Conveniently located near KCP’s Kasai dorm is Bushikotsumen Taizō, a favorite eating spot for many KCP students.

Here’s KCP Academic Year 2017 student Siena Rose’s take on Bushikotsumen Taizō:

“Bushikotsumen Taizō is a nice place to come for ramen if you live in the Kasai dorm. It’s extremely close to the dorm (a couple minutes’ walk). The ramen restaurant is to the right of the Y’s Mart (the grocery store closest to the dorm). The gyoza are fairly good and the ramen is tasty as well! The ramen has a thick rich broth with fish and various other things added to it. This is a great place to come alone, or with friends. At certain times of the day it can get busy, but the wait won’t ever really be too long. The atmosphere and the price are both great! A must try if you live in Kasai. I would rate Bushikotsumen Taizō a 4/5★.”

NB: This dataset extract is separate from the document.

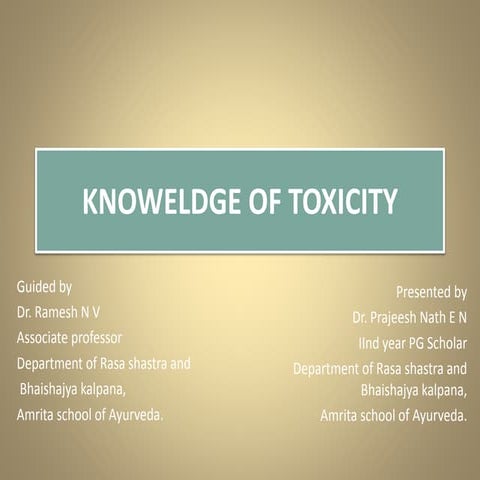 Knowledge of toxicity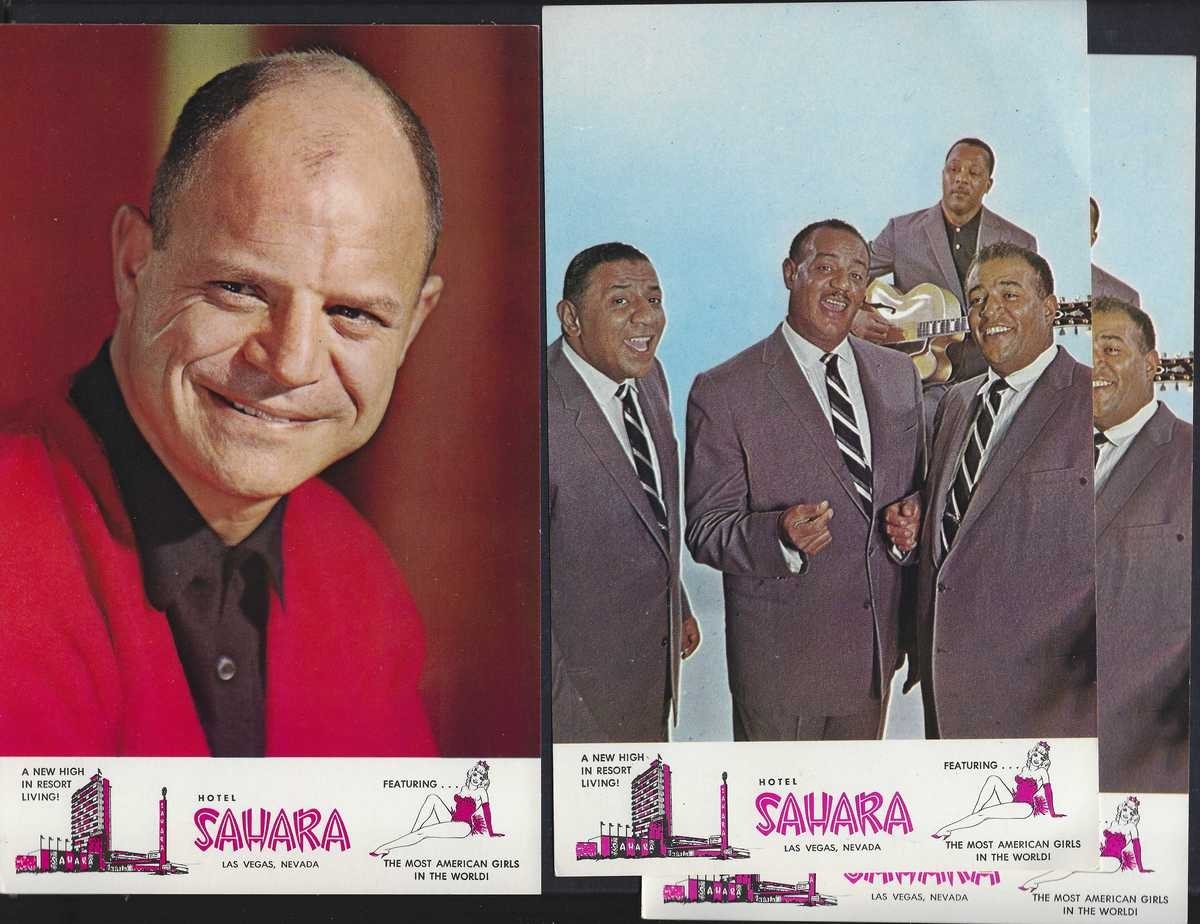 SAHARA Las Vegas 1964 Jumbo Postcards: Don Rickles Casbar; (2) Mills Brothers SAHARA Las Vegas 1964 Jumbo Postcards: Don Rickles Casbar; (2) Mills Brothers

Here’s the front of the restaurant. It has nice gold lettering.

This is the menu as seen from outside. Take a good look before going in.

 

This is where you’re going to pay for your food. I mentioned getting a good look at what you wanted outside because for people with less Japanese, it will be a little difficult to order. I recommend taking pictures of what you want on the menu outside and look on your phone to help you choose which buttons to push.


Here’s where I was seated. They give you a nice cold glass of water and take your tickets. This ramen restaurant is fairly small. It has two tables to seat from 2-4 (possibly 6 but I’m not sure) people and 5 or so single seats at a bar sort of table.

Here’s the condiment/sauces area. There’s soy sauce, vinegar, oshinko (pickled daikon rashish), garlic cloves, and what I think are various peppers.

Here’s everything I ordered. 6 gyoza and the regular ramen bowl. I mixed together the sauce for the ramen myself using the stuff on the table. I added a bit of vinegar, a bit of soy sauce, and a clove or two of crushed garlic. Delicious!